Acuan bagi sektor UMK untuk memberikan upah bagi pekerja dapat dilihat pada Pasal 36 ayat (2) PP Pengupahan, yang menentukan bahwa upah pada UMK ditetapkan berdasarkan kesepakatan antara pengusaha dengan pekerja di perusahaan dengan ketentuan:
a. Paling sedikit sebesar 50% dari rata-rata konsumsi masyarakat di tingkat provinsi;
b. Nilai upah yang disepakati paling sedikit 25% di atas garis kemiskinan di tingkat provinsi. Data-data mengenai rata-rata konsumsi masyarakat dan garis kemiskinan tersebut diperoleh dari lembaga yang berwenang di bidang statistik.

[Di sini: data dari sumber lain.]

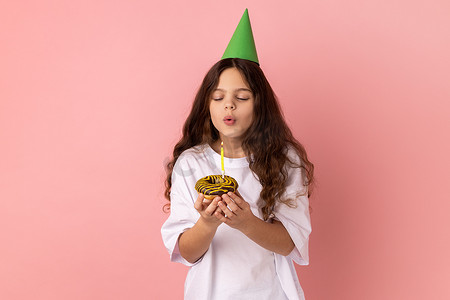 头戴绿色派对锥的可爱迷人小女孩拿着蛋糕，吹蜡烛，许愿。
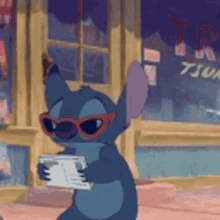 stitch is wearing sunglasses and holding a book in front of a store that says tju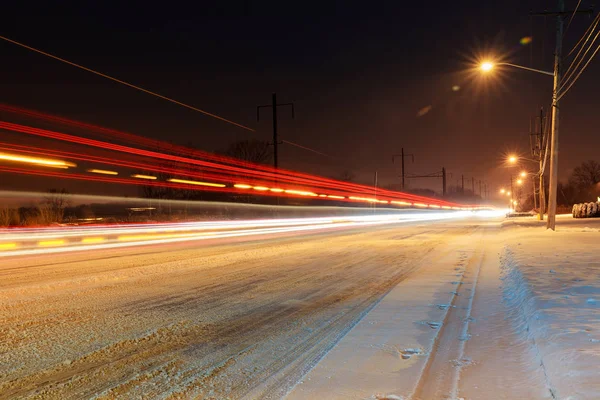 Schneebedeckte Winterstraße mit leuchtenden Straßenlaternen in ländlichen Gebieten bei Sonnenuntergang — Stockfoto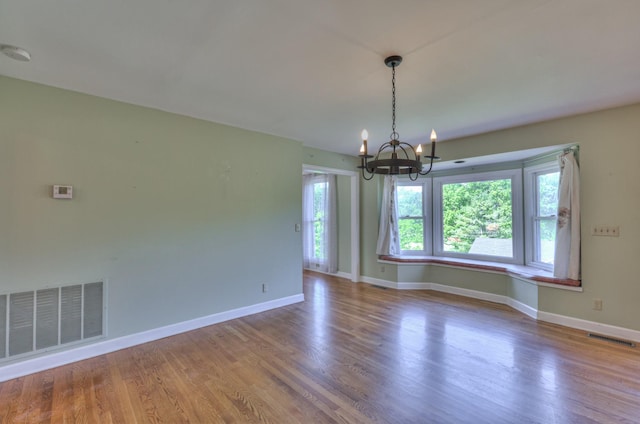 empty room with a chandelier, wood finished floors, and baseboards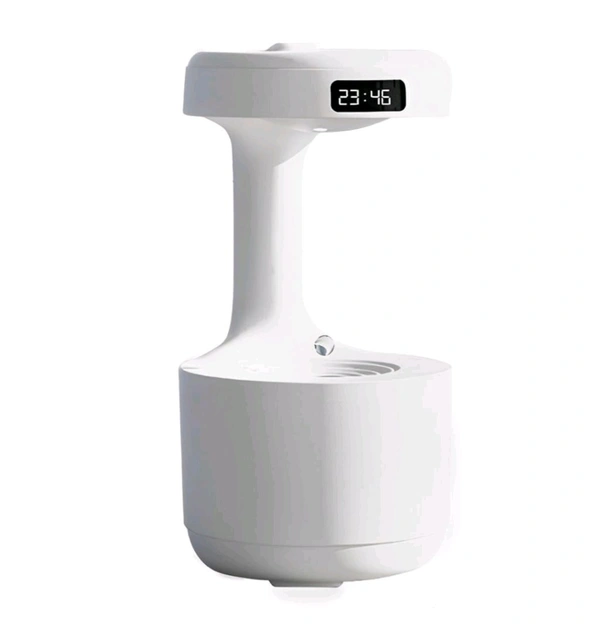 Anti-Gravity Water Flow with Smart LED Clock Display: The anti-gravity water flow technology creates the illusion of backflow droplets and a soothing running water noise with a smart LED Clock display to track time and a warm light.

Air humidifier: Water drop reflux atomization technology - White, 1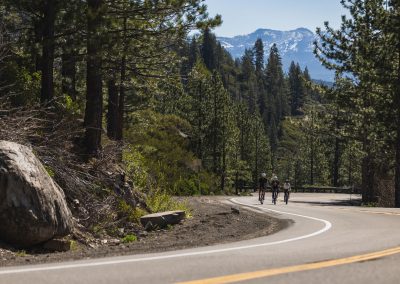 Three road cyclist on mountain trial climbing.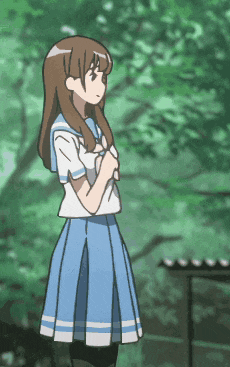 a girl in a blue and white skirt stands in a forest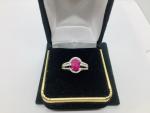10k Gold Ruby and Diamond Solitaire Ring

Namun, pemerintah juga memberi batasan agar “celah” pengupahan bagi pekerja di sektor UMK tidak dimanfaatkan oleh oknum yang tidak bertanggung jawab yaitu melalui Pasal 38 PP Pengupahan, dimana pemerintah memberikan batasan bahwa sektor UMK wajib mempertimbangkan untuk mengandalkan sumber daya tradisional dan/atau tidak bergerak pada usaha berteknologi tinggi dan tidak padat modal dalam kegiatan usahanya.

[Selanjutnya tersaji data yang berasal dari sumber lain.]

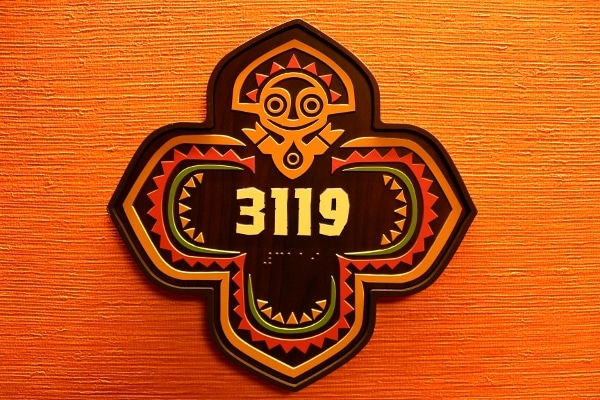 a sign displaying the hotel room number 3119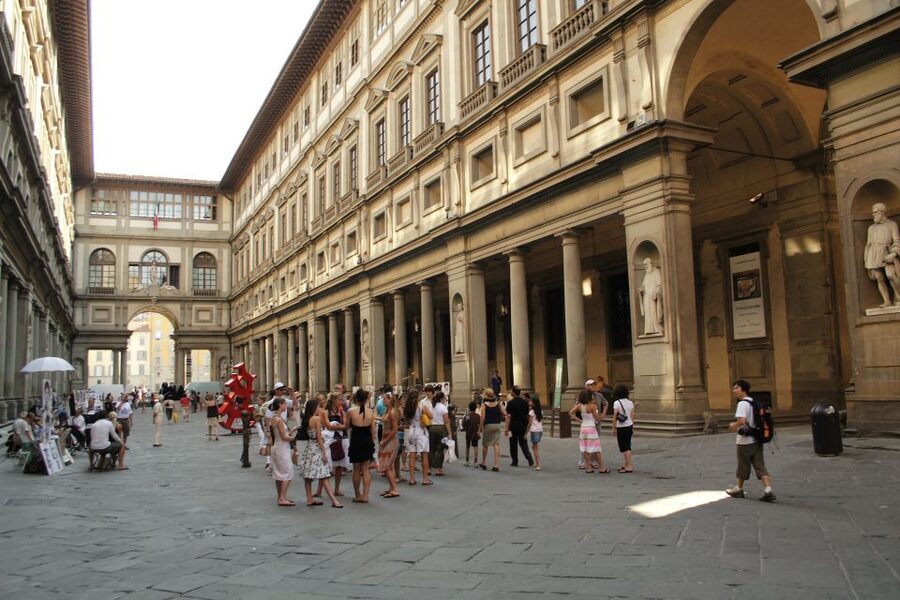 Florence: Full-Day Tour with Uffizi and Accademia Gallery - Walking across Florence toward the Duomo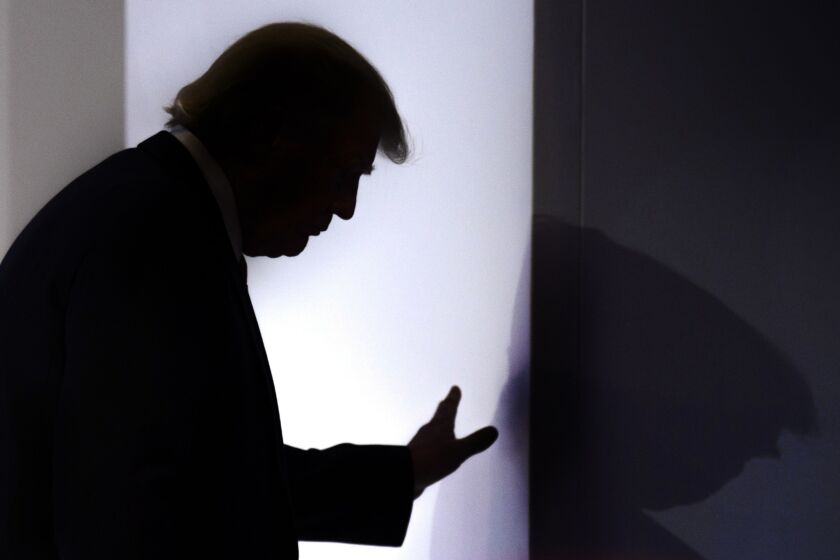 U.S. President Donald Trump leaves the stage after addressing a plenary session on the last day of the annual meeting of the World Economic Forum, WEF, in Davos, Switzerland, Friday, Jan. 26, 2018. (Laurent Gillieron/Keystone via AP)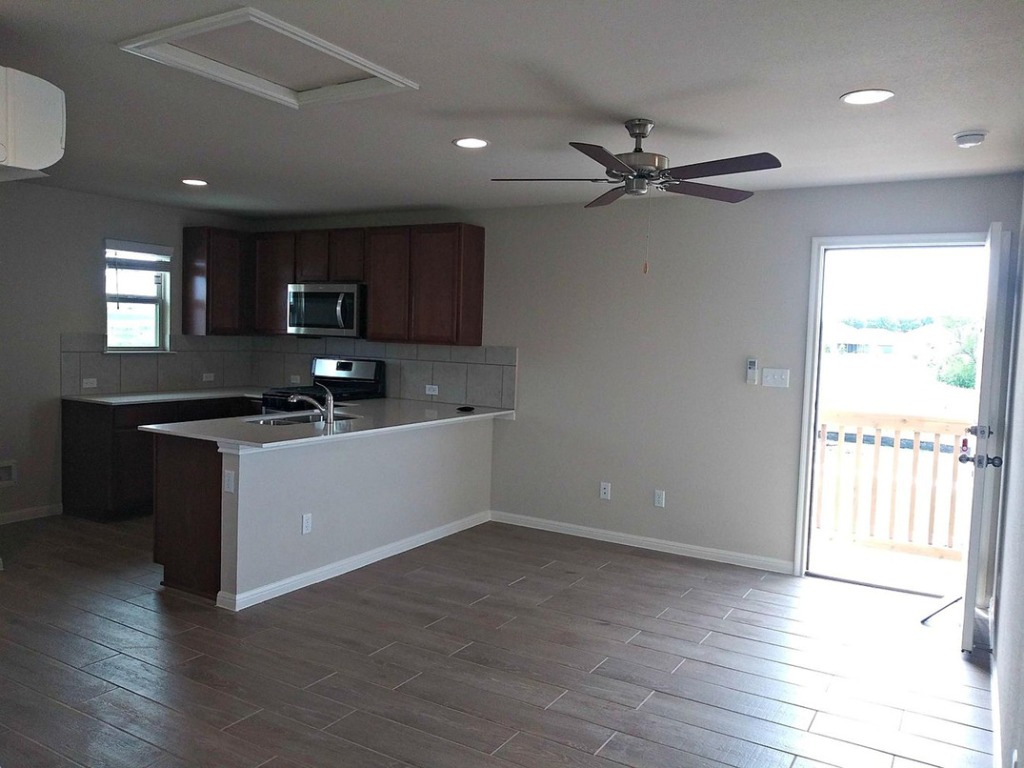 8317 Daisy Cutter Crossing Georgetown, TX 78626 - Photo 16 of 17 a kitchen with a refrigerator and a sink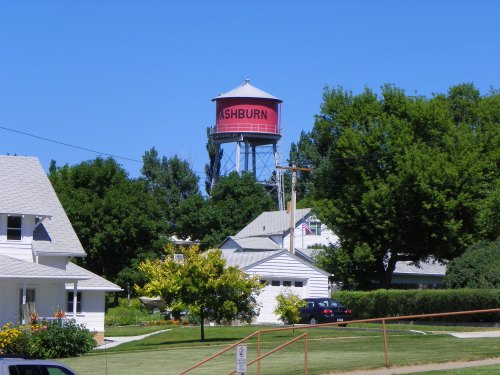 A red water tower labeled "ASHBURN" stands among green trees and houses under a clear blue sky.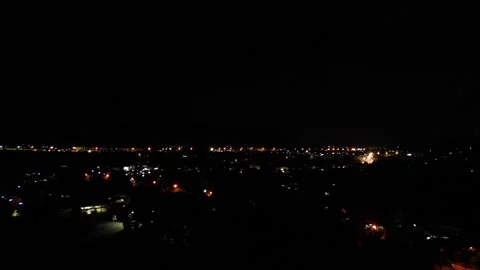 The moon over the city at night Video stock 317564963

Dengan begitu, jelas bahwa sektor UMK yang pada umumnya masih menggunakan alat-alat tradisional dalam menjalankan kegiatan usahanya serta tidak memiliki laba sebesar usaha di sektor lain diberi kelonggaran oleh pemerintah untuk dikecualikan dari ketentuan upah minimum yang telah ditetapkan di tingkat provinsi dan/atau kabupaten/kota. Hal ini semata-mata agar ketika UMK memberi upah di bawah ketentuan upah minimum yang telah ditetapkan (sebelum berlakunya UU Cipta Kerja), maka pelaku usaha dapat dijerat pidana penjara dan denda sebab membayar upah di bawah ketentuan upah minimum. Dampak jangka pendeknya adalah dapat mengganggu kegiatan berusaha dari sektor UMK itu sendiri sedangkan jangka panjangnya adalah terganggunya perekonomian nasional.